6. How has law school challenged you most?
Normally, I’m quite independent and keep my own counsel, but law school challenged me to rethink that approach. In 1L, I realized the importance of asking for help and seeking out mentorship. In Civil Procedure, Professor Elizabeth “Beth” Thornburg took the time to share stories about varied career paths of alums of SMU Dedman School of Law, and I credit Professor Thornburg with inspiring me to reach out to alums for Zoom chats. My weekly Zoom chat with different attorneys has been a very enriching experience.
7. What has been your most memorable law school moment so far?
In fall 2021, I stood behind the podium where my professors normally stood, and as a as a TA for Legal Writing and Research for LLM Students I led an exercise about Bluebook citations. Although this experience may seem commonplace, in that moment I felt how far I had traveled in law school in one year. In early 2020, I was blissfully ignorant of the intricacies of the Bluebook. I am very grateful to Professor Heather Stobaugh for the opportunity to serve as a TA, and Professor Leo Yu was a wonderful mentor when served as his TA.
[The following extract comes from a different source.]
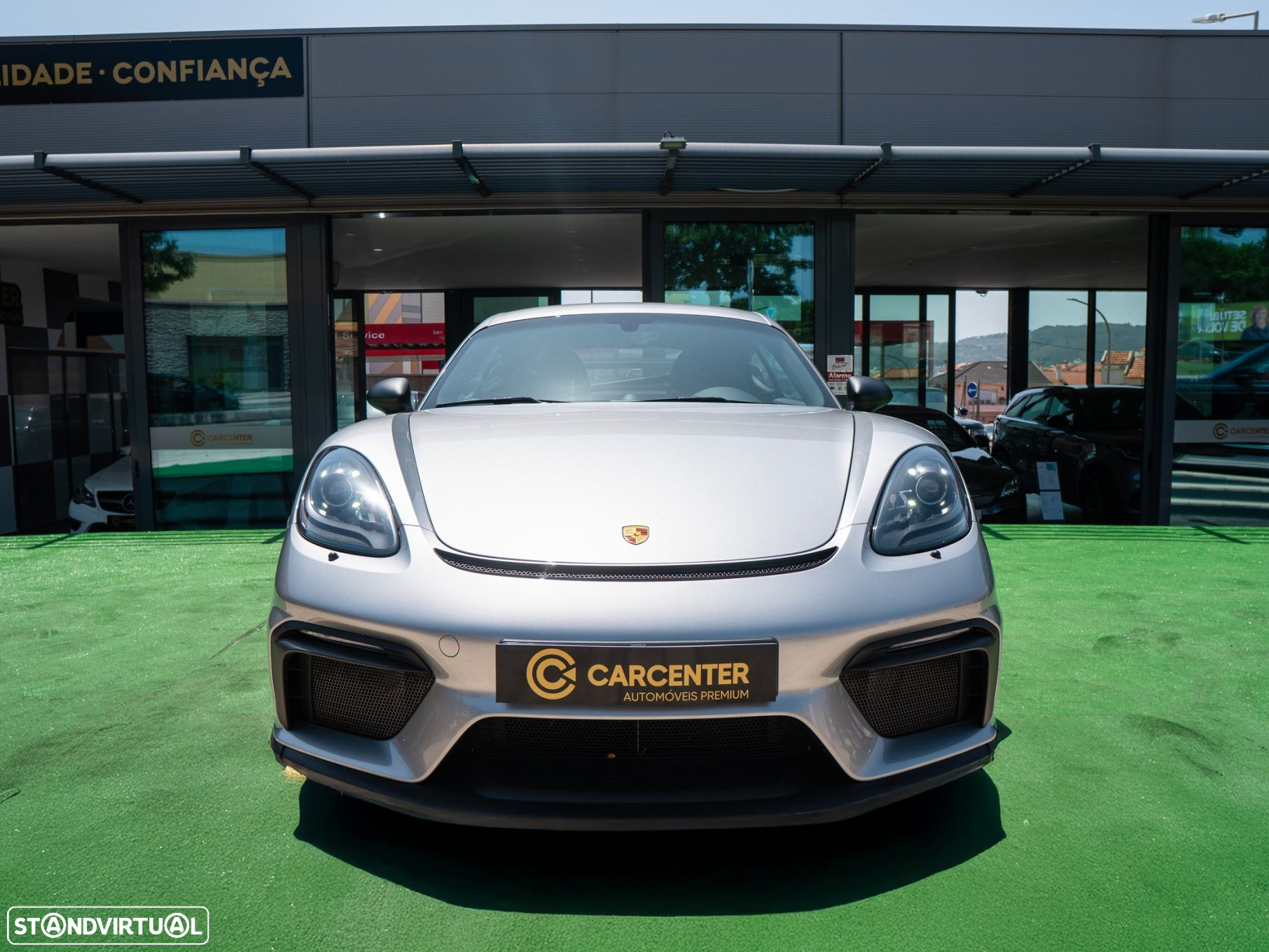 Porsche 718 Cayman GT4 PDK - 5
8. What do you plan to do post-graduation?
As a second semester 2L, I am just over the halfway mark in law school. I will intern with two federal agencies in summer 2022, and I am preparing for applications for public interest fellowships and honors programs in the federal government.
9. Have you had any important mentors during law school? If so, who?
I am grateful for the mentorship of my coaches—all SMU Dedman School of Law alums—on the Thomas Tang Moot Court team: Emily Felix, Hanna Kim, Jacob Matthew, Christina Ta, Austin Teng, and Will Tran. Among these mentors, I would like to give special thanks to Hanna Kim, an associate at Zelle LLP. I’ve been inspired by Hanna because of her example of professional achievement in her litigation practice and her leadership in the legal community through her roles in the Dallas Asian American Bar Association and the Dallas Association of Young Lawyers. I also appreciate Hanna’s work to create a new non-profit organization, The Podium, that has a mission to “amplify the voices and opportunities for Asian American women in the legal profession.” Hanna has also shared invaluable support in my leadership of the SMU Asian Pacific American Law Student Association.
10. Where do you see yourself in 5 and 10 years?
Ever since I heard Justice Ruth Bader Ginsburg speak at SMU, I have been committed to the public sector. In 5 years, I would like to follow in the footsteps of one of my mentors and SMU Dedman School of Law alum, An Phan, and serve as an attorney adviser in a federal agency. In 10 years, I would like to serve as a legislative counsel on a congressional committee.